Because of this history, let us not think that worship is not central to our lives, too. The central and most important issue to be resolved, in human lives, has to do with worship. Who will you worship? Whom will those created in God’s image worship? Before whom will the heavens and earth bow? The reality is that we all have to serve somebody- we all have to worship someone, and we are called to choose. We have declared our choice, I know- this is what happens in public declaration of Jesus as personal Saviour, and in the public affirming of this in the ceremony of baptism. But let us not think that once this declaration has been made that we’re done. Let us not think that once done finishes the battle and the cause of worship in our lives. This is not the case. Daily, we have to declare our allegiance and faithfulness to God.

Ro.12.1- Paul, the mature Christian, through writing to the Roman church, tells us to be living sacrifices. This instructs us about the need for constant worship. Let us get some idea of what is involved by looking back at what was involved in primitive sacrifice.

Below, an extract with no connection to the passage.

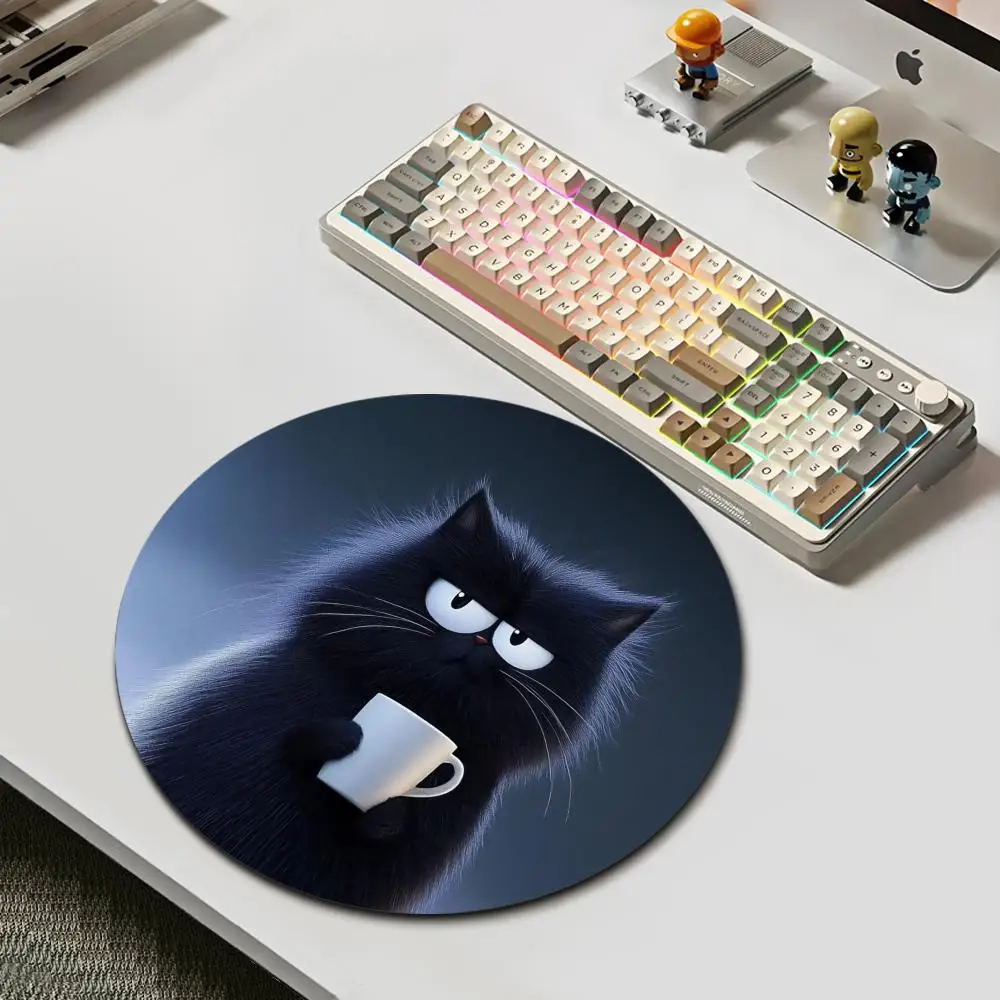 Black Cat Pattern Round Mouse Pad Non-slip Rubber Base Comfortable Durable 22x22cm Table Mat for Gamers Office Cute Cartoon Pads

Lev.1.1ff- what was involved here? What was involved was the sacrifice of everything. The whole being of the sacrificial animal was involved. Notice the detail of the process. What does it mean to ‘flay’? (Does anyone know?) What does skin provide? It provides protection, covering, beauty, hides flaws, toughness- but it all had to go before the sacrifice could be made- all that outer covering had to disappear first. There are some lessons in this for us, aren’t there? When we come to worship God, we have to do so without all we might use to protect us or cover us or make us out to be more, or different, than we really are ‘under our skin’.

Comparing Paul’s message and the example of the ancient sacrifices shows us that being living sacrifices requires more than form of us. It requires more than part of us. It requires our complete selves. It require more than just dedicating a closet to God, or a house, but takes hold of the entire person, and has the whole life dedicated to God.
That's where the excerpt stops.